Иллюстратор от Бога, она не раз повторяла Анаит: одними картинками не проживешь. И бралась за любую оформительскую работу, начиная от росписи стен кафе и заканчивая частными домами.

Как-то владелец итальянского ресторана заказал Мартыновой оформление из серии «Сам не знаю, чего хочу». Антонина съездила на завод Конаковского фаянса, купила за копейки несколько ящиков боя – битой посуды – и выложила на стене ресторана мозаику дивной красоты. Кое-где из панно торчали крышечки от чайников.

Когда перед Анаит встал вопрос, куда поступать, Мартынова сказала:

– Дружок мой, ты талантлива. Но тороплива и вспыльчива. У тебя в голове теснятся толковые идеи, но реализовать их тебе помешает собственный характер. Пока что ты сама себе враг, и учебы в художке тебе не выдержать. Если уж все-таки твердо решила поступать именно туда, иди на искусствоведческий. Ты станешь изучать то, что делали другие. Подумай об этом.

Анаит подумала – и послушалась ее совета.


– Здравствуйте, Анаит, – сказал Макар Илюшин, ничуть не смутившись.

А вот она смутилась.

Между собой ученики Мартыновой целомудренно обходили тему личной жизни своего педагога. Вообще-то обо всех преподавателях болтали. Только Антонину не трогали.

А ведь она больше прочих заслуживала пересудов. Антонина не была замужем. У нее всегда, сколько Анаит ее помнила, были любовники: молодые, красивые, как правило, намного ее младше.

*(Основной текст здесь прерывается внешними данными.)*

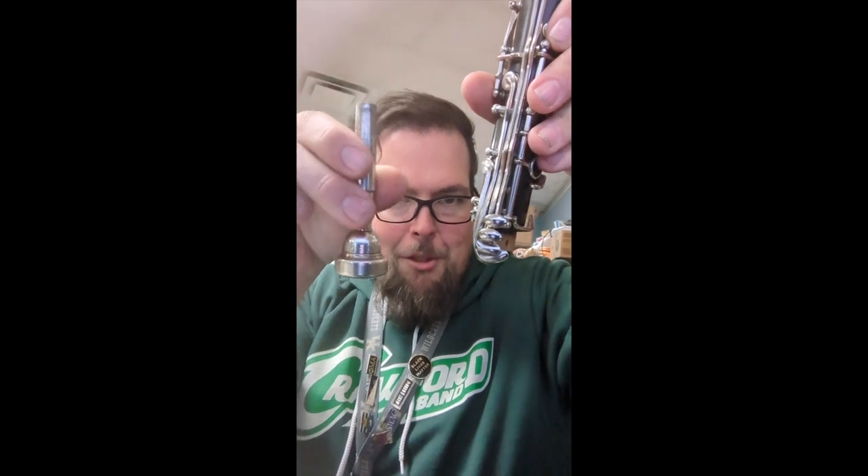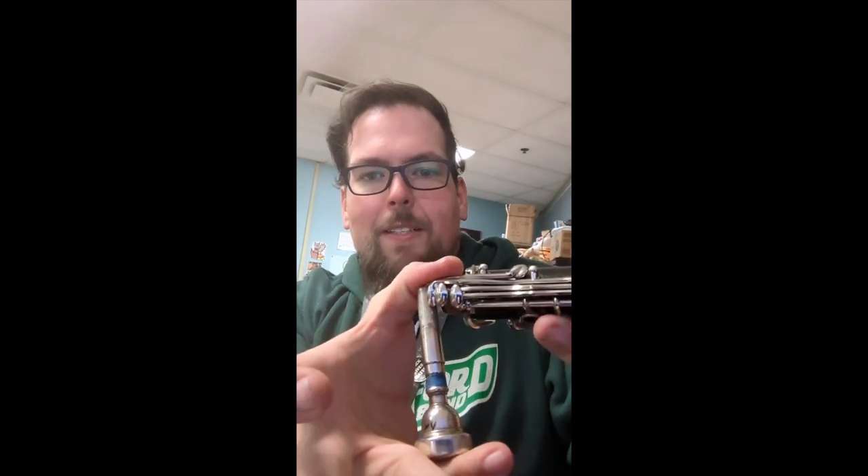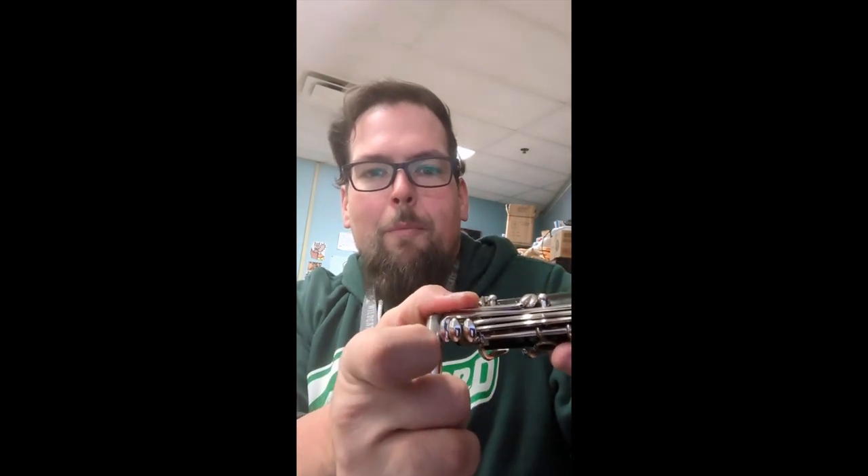Our repair tool is going to be a mouthpiece — let's do it with a trombone mouthpiece. I'm literally just going to put the shank of it over that key right there, brace with my thumb, and use that as a lever to gently bend it out.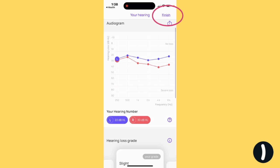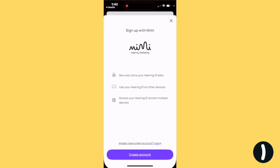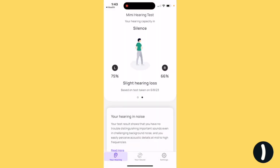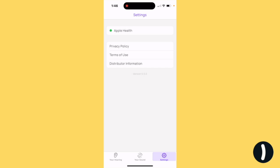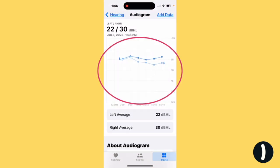Hit Finish. In order to save it to the Health app, you do have to create an account. I have an account already, so I'm going to log in. There's one more step: to connect Mimi and the Health app, go to Settings in Mimi and connect to Apple Health. Allow. Now when we go back to Health, our audiogram will be there.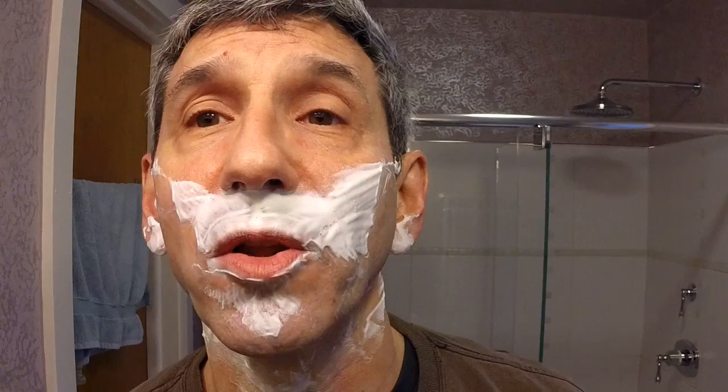Yeah, that just feels like it's really starting to lose it a little bit. For me, it's always in the against-the-grain pass where I feel like, okay, that's where you can really tell that the blade is just not hanging in there. And it's not even so much that it's not sharp — it's that it sort of becomes uncomfortable, like it's just not cutting cleanly.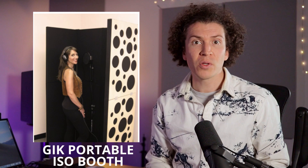Early on I found a hack for creating a vocal booth using acoustic treatment that you already have, and then a few years later I started using the GIK portable acoustic panel. For those of you who want a quick and easy fix for vocals, I highly recommend getting the GIK portable acoustic panel. You could also build a portable panel yourself if you wanted to.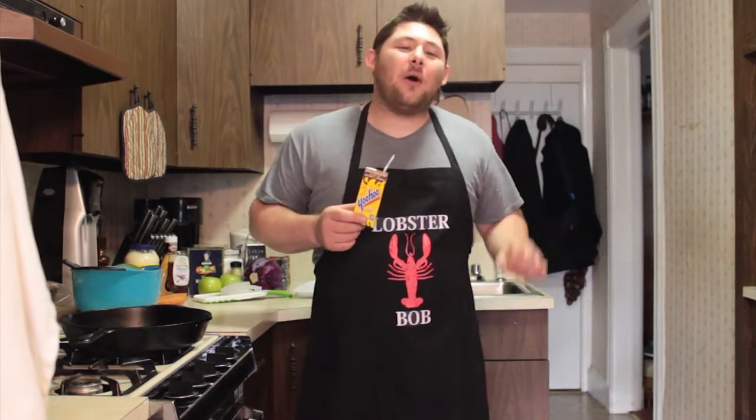Hi, I'm Lobster Bob. Welcome to the Lobster Bob Cooking Show. I have a very special episode in store for you today. Now, when I'm out and about, you know what I like to do? I like to eat sandwiches.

Сыщик придержал для девушки дверь. Пожелал хорошего дня, улыбнулся – и, увидев эту улыбку, Анаит подумала, что, возможно, жалеть его преждевременно.

– А, Ниточка! – приветствовала ее Антонина. – Проходи! У меня сегодня день гостей. Ты, я вижу, в приподнятом настроении?

Мартынова всегда с первого взгляда угадывала ее состояние.

– Надеюсь вскоре сменить работу, – выпалила Анаит. – Подробности потом! Но если все сложится, это будет… – она сделала театральную паузу, – Третьяковка!

– Ого! Но кем, неужели экскурсоводом? – Мартынова нахмурилась.

– Нет, вряд ли… Какая разница! Все равно, кем у них работать, лишь бы не с Бурмистровым!

– А зря. Хорошая школа.

– Он ужасный хам! – в сердцах сказала Анаит. – Он квадратно-гнездовой! Чурбан, абсолютный! А самомнения – как будто он второй Эль Греко! И ведь ему даже неизвестно, кто такой Эль Греко!

Мартынова пожала плечами:

– Половина всех начальников в мире такова, и что с того? Милый друг, ты слишком о себе заботишься. Бурмистров платит. Он дал работу, которая позволила тебе завести кое-какие связи, и ты уже собираешься перепрыгнуть со своей клеточки в Третьяковскую галерею. Хоть этот план и вызывает у меня некоторые сомнения…

– Думаете, не гожусь?

– Не в том дело. Ты годишься почти для всего. Но кто это предложил?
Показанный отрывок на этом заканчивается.